Together these underlying principles of the global market system
constitute its fixed and largely unseen meta-structure of perception,
understanding and judgement in accordance with which all its policy
formation and enforced regulation of societies and economies across the
world proceed. There is no principle of "the free market", "investment",
"competition", "comparative advantage", "efficiency", "fiscal
responsibility", "labour flexibility", "inflation control", "growth",
"sustainability", "social welfare", "national prosperity", "justice",
"civil society participation", "poverty reduction", or other old or new
slogan promulgated by global market institutions and advocates that does
not conform to all of (1) through (15) in doctrine and effect. Whenever it
is claimed otherwise, ask for the evidence from any "free trade
agreement" on the planet. The response will always be silence, diversion
to another topic, and, if the question is pursued publicly, surveillance
by the police.
However well-placed its hirelings, this mind-locked creed is corporately
self-driven and self-referential, and threatens to usurp every level of
social and ecological life condition still existing.

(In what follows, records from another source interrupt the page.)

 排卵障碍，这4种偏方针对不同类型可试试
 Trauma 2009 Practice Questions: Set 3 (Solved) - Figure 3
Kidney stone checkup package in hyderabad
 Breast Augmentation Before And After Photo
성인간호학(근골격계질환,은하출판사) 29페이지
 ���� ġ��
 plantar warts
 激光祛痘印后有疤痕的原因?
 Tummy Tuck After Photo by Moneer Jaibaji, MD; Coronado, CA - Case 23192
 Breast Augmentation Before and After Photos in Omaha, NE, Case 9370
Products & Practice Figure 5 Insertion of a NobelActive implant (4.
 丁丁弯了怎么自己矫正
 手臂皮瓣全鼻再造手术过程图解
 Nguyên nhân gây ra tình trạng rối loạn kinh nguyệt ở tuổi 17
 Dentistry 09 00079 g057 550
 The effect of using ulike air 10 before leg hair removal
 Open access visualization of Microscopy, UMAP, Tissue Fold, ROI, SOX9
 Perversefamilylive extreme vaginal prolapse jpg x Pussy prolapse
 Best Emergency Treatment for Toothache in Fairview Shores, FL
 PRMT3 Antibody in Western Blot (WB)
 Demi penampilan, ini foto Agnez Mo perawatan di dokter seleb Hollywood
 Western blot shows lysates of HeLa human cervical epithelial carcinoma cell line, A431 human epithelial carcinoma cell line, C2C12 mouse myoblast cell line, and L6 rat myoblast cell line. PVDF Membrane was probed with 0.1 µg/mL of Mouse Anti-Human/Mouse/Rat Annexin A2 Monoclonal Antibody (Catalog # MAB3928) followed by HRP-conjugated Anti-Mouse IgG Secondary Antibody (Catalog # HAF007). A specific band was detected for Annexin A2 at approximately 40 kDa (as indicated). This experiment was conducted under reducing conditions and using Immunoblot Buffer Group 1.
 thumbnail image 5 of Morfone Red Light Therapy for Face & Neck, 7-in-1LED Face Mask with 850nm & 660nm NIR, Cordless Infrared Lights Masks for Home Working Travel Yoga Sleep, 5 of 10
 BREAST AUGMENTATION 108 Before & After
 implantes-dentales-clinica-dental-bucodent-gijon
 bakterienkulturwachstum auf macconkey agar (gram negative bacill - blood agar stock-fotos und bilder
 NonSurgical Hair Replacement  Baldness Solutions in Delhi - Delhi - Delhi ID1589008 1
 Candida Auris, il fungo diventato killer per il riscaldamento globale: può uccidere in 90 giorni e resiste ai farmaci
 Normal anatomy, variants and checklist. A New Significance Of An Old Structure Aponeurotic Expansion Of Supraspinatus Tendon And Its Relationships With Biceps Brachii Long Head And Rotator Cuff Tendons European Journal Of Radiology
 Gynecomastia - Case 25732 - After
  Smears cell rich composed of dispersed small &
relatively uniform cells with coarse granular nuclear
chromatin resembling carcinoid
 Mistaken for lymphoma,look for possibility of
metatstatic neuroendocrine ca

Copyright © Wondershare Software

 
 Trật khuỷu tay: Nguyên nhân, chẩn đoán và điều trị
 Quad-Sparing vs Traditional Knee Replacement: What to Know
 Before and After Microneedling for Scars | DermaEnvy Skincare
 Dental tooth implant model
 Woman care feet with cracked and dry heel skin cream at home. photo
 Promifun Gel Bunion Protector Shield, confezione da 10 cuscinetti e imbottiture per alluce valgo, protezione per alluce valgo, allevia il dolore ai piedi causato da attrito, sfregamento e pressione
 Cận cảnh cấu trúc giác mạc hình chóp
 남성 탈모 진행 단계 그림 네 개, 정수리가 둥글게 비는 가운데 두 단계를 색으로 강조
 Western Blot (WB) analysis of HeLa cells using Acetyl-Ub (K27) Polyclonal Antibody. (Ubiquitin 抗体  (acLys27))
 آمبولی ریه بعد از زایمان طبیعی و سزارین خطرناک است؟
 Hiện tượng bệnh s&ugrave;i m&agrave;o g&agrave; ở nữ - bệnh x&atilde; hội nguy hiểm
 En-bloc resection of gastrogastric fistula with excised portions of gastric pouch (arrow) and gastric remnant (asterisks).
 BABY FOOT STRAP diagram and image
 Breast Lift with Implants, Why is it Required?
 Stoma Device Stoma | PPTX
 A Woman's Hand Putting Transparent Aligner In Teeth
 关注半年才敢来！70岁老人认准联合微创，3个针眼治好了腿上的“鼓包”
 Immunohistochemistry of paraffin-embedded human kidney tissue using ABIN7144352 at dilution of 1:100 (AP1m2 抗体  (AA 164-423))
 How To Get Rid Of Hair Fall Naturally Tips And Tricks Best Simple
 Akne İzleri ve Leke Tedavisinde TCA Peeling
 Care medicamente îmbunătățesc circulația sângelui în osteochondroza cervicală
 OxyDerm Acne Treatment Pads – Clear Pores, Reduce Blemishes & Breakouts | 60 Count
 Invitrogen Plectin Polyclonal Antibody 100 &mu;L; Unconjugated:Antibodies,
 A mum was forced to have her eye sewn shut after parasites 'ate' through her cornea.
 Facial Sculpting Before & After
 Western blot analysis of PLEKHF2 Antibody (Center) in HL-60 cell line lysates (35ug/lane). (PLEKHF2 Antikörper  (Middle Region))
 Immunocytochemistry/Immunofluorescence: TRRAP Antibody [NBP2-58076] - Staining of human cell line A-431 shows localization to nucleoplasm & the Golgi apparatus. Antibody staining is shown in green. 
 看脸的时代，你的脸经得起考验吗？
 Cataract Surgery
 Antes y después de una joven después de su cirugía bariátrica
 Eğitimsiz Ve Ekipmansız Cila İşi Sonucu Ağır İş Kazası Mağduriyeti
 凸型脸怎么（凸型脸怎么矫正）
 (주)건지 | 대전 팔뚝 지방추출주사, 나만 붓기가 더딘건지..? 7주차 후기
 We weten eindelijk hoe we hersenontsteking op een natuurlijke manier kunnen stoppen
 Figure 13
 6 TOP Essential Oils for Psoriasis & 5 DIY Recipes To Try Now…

Given its
invasionary past and history, we should not be surprised. Like every
Pharaoh of the past, it will topple - the more totalitarian, the more
complete the collapse. But remember who advocates for this regime now,
for they are agents of the corporate occupation of all of the world's
societies and ecosystems by decreed financial and market mechanisms
never electorally agreed to by any people on earth.
- - - -
John McMurtry PhD. is a Professor of Philosophy at the University of
Guelph, and the author of Unequal Freedoms: The Global Market as an
Ethical System (Toronto and Westport Ct: Garamond and Kumarian Press),
1998 and The Cancer Stage of Capitalism (London and Tokyo: Pluto and
Springer-Verlag, 1999 and 2001). He is completing his forthcoming book,
Value Wars, which will be published by Pluto Press in 2001.
- - - -
Send a message to <bobolsen@interlog.com> and ask for McMurtry-RTF
if you want this document in RTF format, or if you are able to post
the RTF format on the web.
............................................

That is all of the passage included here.